Initial critical response: Berlioz agreed with critics, “as far as the nightingale is concerned: the imitation of its song is no more successful here than in M. Lebrun’s well-known flute solo, for the very simple reason that since the nightingale only emits indistinct sounds of indeterminate pitch it cannot be imitated by instruments with a fixed and precise pitch.”
Suggested recording: Every critic’s choice in this seems to be Bruno Walter and the pickup Columbia Symphony Orchestra.
Symphony No. 7 in A
First performed: 1813.
Richard Wagner called this the “apotheosis of the dance,” and it is the most rhythmically driven of all symphonies; the second movement hardly contains anything but its rhythm. It all comes together in a Dionysian paean to the spirit of life.
Initial critical response: Weber expressed the opinion that Beethoven “was now ripe for the madhouse.”

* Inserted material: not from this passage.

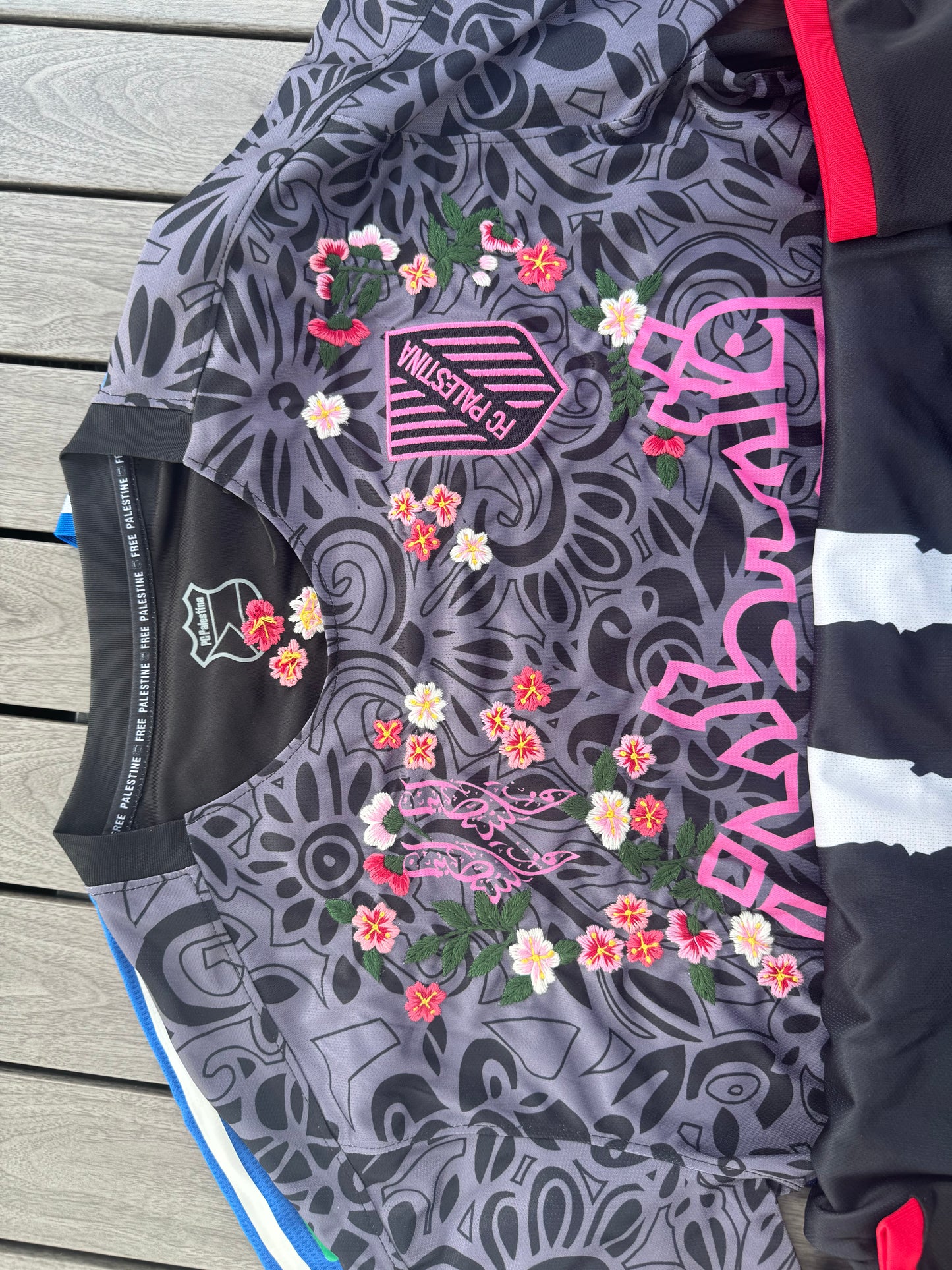 Palestine football soccer jersey custom embroidery flowers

Suggested recording: Even though it’s a pre-stereo recording, you have to hear Arturo Toscanini and the NBC Symphony in a driven performance that wrests every ounce of power out of the score.
Symphony No. 8 in F
First performed: 1814.
Initial critical response: One critic wrote that “the applause it received was not accompanied by that enthusiasm which distinguishes a work which gives universal delight; in short — as the Italians say — it did not create a furor.”
Suggested recording: Georg Solti and the Chicago Symphony give a brawny performance of this work and include a really fine Symphony No. 7 as well.

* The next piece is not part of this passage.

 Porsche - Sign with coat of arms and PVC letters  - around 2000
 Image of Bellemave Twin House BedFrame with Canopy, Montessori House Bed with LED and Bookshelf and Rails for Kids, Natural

Symphony No. 9 in D-minor, “Choral”
First performed: 1824.
Beethoven’s magnum opus, which adds singers and chorus to the symphony and expresses the composer’s view of universal brotherhood and the joy of the cosmos. At more than an hour long, it is immense and usually performed for ceremonial occasions.
Initial critical response: “Beethoven is still a magician, and it has pleased him on this occasion to raise something supernatural, to which this critic does not consent.”
Suggested recording: Despite mangling the finale by changing Beethoven’s “Freude” (“joy”) to “Freiheit” (“freedom”), there is no more committed performance than the one given by Leonard Bernstein at the fall of the Berlin Wall in 1989 with an orchestra composed of musicians from many orchestras in both East and West Germany.